### Recorded information
::::

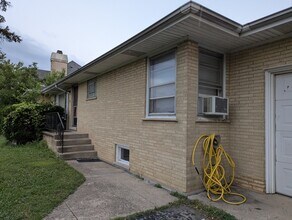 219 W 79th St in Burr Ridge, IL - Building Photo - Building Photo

::::

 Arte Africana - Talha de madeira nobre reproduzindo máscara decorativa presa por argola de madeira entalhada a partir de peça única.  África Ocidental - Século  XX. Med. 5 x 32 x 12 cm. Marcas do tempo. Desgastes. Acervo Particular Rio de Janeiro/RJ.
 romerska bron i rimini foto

::::

### Brief
Return only the part of the records above that opens with the line containing "Arte Africana - Talha" and closes with the line containing "romerska bron i rimini foto", ends included.

### Response to this task
 Arte Africana - Talha de madeira nobre reproduzindo máscara decorativa presa por argola de madeira entalhada a partir de peça única.  África Ocidental - Século  XX. Med. 5 x 32 x 12 cm. Marcas do tempo. Desgastes. Acervo Particular Rio de Janeiro/RJ.
 romerska bron i rimini foto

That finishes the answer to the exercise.